Work task:
Where a line below holds the string "ideal", copy that line.

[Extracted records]

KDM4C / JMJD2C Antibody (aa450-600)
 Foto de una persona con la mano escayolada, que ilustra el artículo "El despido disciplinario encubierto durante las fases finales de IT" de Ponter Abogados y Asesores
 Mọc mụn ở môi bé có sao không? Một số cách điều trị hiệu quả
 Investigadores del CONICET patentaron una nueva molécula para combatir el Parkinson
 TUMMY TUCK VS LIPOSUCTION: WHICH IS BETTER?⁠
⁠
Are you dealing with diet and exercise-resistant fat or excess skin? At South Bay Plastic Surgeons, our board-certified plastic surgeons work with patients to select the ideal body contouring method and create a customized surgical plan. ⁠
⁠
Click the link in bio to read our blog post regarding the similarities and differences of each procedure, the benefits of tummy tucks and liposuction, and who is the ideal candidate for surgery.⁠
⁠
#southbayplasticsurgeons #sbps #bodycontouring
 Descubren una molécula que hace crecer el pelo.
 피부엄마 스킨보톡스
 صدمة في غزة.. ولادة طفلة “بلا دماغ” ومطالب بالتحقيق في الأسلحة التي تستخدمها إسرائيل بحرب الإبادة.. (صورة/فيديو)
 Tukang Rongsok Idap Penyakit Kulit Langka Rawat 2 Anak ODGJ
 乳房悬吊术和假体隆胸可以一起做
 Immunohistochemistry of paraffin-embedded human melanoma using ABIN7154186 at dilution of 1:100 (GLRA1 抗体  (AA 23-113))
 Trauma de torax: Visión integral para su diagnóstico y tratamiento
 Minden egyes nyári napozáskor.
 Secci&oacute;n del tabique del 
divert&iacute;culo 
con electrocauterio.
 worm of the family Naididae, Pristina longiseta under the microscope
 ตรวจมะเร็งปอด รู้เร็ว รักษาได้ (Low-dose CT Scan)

Expected answer:
Are you dealing with diet and exercise-resistant fat or excess skin? At South Bay Plastic Surgeons, our board-certified plastic surgeons work with patients to select the ideal body contouring method and create a customized surgical plan. ⁠
Click the link in bio to read our blog post regarding the similarities and differences of each procedure, the benefits of tummy tucks and liposuction, and who is the ideal candidate for surgery.⁠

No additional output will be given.